- **WORK REQUEST**
Drop the pictures and restate the rest of the listing word for word.

- **DATASET EXTRACT**
========================

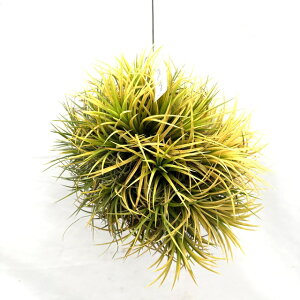 (i) `WA CIi^ 'hCh' (No.22365) (GA[vc eBWA ϗtA  Ǌ| CeA ~j ^ ݂艺   ionantha 'Druid' Arm)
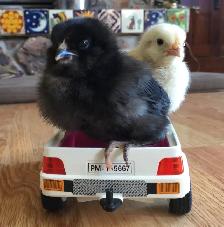 Super Cute and Super Friendly Easter Egger Chicks $5 each - Photo 10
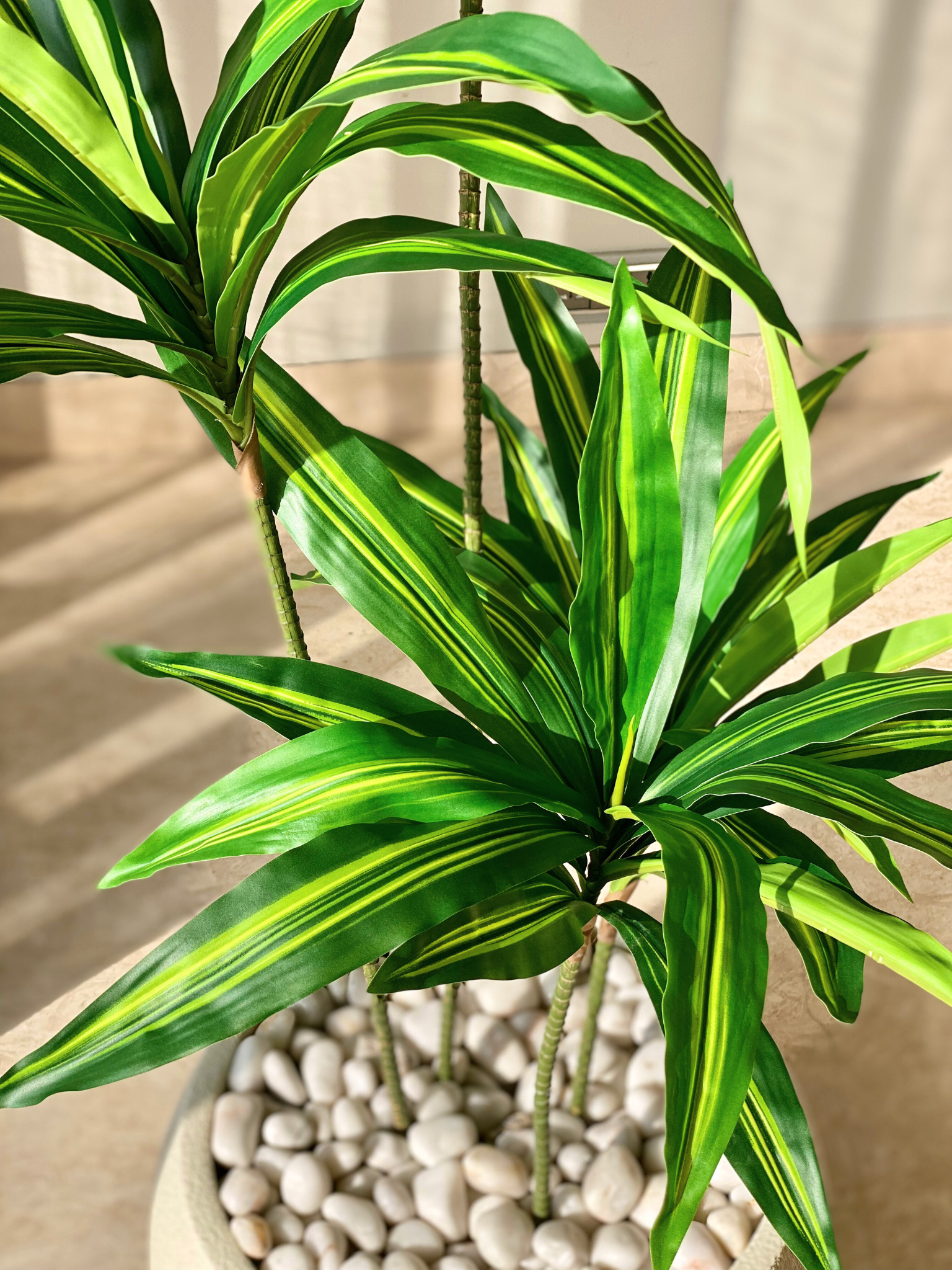 Artificial Botanic Dracaena Plant - 4.5 Feet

========================

- **WRITTEN SOLUTION**
 (i) `WA CIi^ 'hCh' (No.22365) (GA[vc eBWA ϗtA  Ǌ| CeA ~j ^ ݂艺   ionantha 'Druid' Arm)
 Super Cute and Super Friendly Easter Egger Chicks $5 each - Photo 10
 Artificial Botanic Dracaena Plant - 4.5 Feet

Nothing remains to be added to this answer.